Con humor a partir de su gestualidad corporal y de sus tonos es el
único personaje femenino que puede da cuenta del tiempo
cronológico de la historia, mientras el resto se sumergen en distintos saltos
temporales hacia el pasado suturando cualquier posible salida. Dispositivo escénico y la iluminación
construyen el clima necesario para la historia construida en dos tiempos
diferentes. Por un lado, a partir del intercambio de cartas entre las hermanas
ya adultas en el nivel inferior de la
Sala y en un espacio despojado, y, por otro, el espacio subjetivo
de la infancia donde las hermanas le ordenaron al tiempo que se detenga. En el
centro de este último espacio escénico, una gran caja con coloridos dibujos
infantiles que permite a las dos pequeñas introducirse en
ella e ir tejiendo la trama entre el olvido y los sueños, un canevas que
expresa más dolor y pérdida que inocencia infantil. Es el mundo de la antigua
casona y en él la saturación de elementos – el perchero, el sillón, la vieja
radio, revistas y libros por doquier,…- permite a los personajes ir mutando en
un universo mágicorrealista.
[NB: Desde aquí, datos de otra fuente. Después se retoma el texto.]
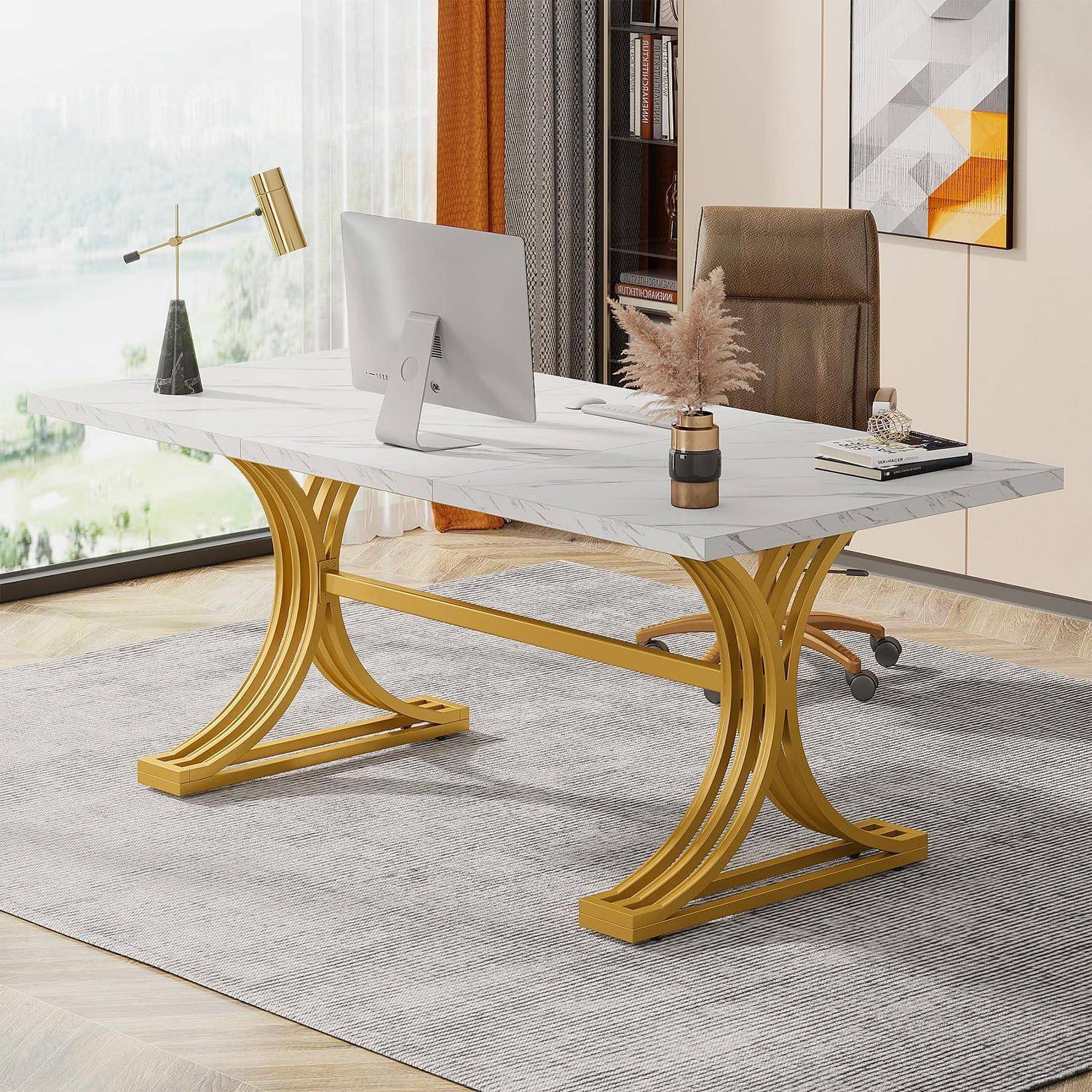 Modernes Büro mit einem Schreibtisch im Weiß-Marmor-Look auf gebogenen Goldbeinen, kombiniert mit einem braunen Stuhl und minimalistischer Dekoration neben einem großen Fenster.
Otro acierto de esta puesta, en particular, es que
si bien los desplazamiento de las niñas o mujeres son dinámicos y nuestra
mirada, en general, está focalizada por el recorte lumínico, logra teatralizar
ese tiempo espectral, suspendido ante ciertos fantasmas que emergen
naturalmente en el texto primero y del cual el texto teatral da cuenta a partir
del profesionalismo de todo el grupo. Una puesta que rescata la palabra del
autor para darle una espesura donde el humor sutura los intercisios del olvido y el dolor.
La edad de la
ciruela de Arístides Vargas. Elenco: Gabriel Atúm, Sofía Balda, Pilar
Calvo, Alina Catini, Jorgelina Moscardi, Guido Passafaro, Victoria Rucio.
Iluminación: Germán Giacalone. Escenografía: Valentín Arriaga. Asistente de
dirección: Luciana Bava. Dirección: Mercedes Fraile. Teatro: Andamio 90.